The airline has already finalised a deal to bring in an Ecureuil helicopter for its rotor-wing operations. “We have decided to resume our air operations after taking the country’s favourable political climate into account,” Bikas Rana, chairman of Fishtail Air told this daily.
He expressed optimism that the airline would be able to perform better in the aviation sector considering the ongoing efforts for the peace process. “We are optimistic that the renewed hope for permanent peace and tremendous possibilities of increasing tourist arrivals in the country will be favourable for us,” Rana said .

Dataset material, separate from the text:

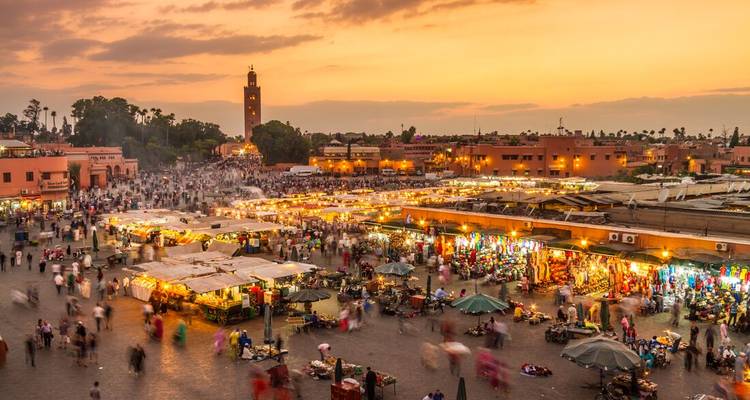 La place animée de la Jemaa el-Fna illuminée par des centaines d'étalages et de lumières alors que le soleil se couche sur Marrakech.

To begin with, Fishtail airline will operate chartered and rescue flights with its six-seater “light utility” Ecureuil helicopter and then purchase another helicopter after six months, said Rana. “We have finalised the deal of purchasing the first helicopter from a French celebrity,” he said declining to disclose the actor’s name.
The chopper is expected to arrive in Kathmandu next month. Fishtail Air had suspended its operations in September 2003 citing a fall in demand for chartered services and a sharp decline in the inflow of tourists to Nepal due to security reasons.
Nepal, India to share power
Four transmission lines will be laid across the Nepal-India border shortly to facilitate power-sharing between Nepal and India.
A memorandum of understanding to this effect was signed today between the Nepal Electricity Authority and Infrastructure Leasing and Financial Services (IL&FS) of India.
Managing director of the NEA, Arjun Kumar Karki, and DK Mittal, managing director of the Indian company, signed the agreement. “The transmission line, which will connect four stations in each country, will facilitate power-sharing between the two countries,” said Danda Pani Basyal, an officer at the Nepal Electricity Authority.
On the one hand, it will help Nepal export excess electricity. On the other, it will also provide Nepal with a means to import electricity from India whenever there is shortage of power.
“Though we often talk about importing and exporting electricity with our neighbour, we cannot do so as we cannot implement the Power Purchase Agreement due to lack of transmission lines,” he said. More transmission lines may be laid as per the need.
The transmission line will connect Butwal with Gorakhpur, Duhabi with Purnia, Dhalkebar with Mujaffarpur and Anarmani with Singudhi. Basyal added that joint companies will be instituted in both countries for laying the transmission line.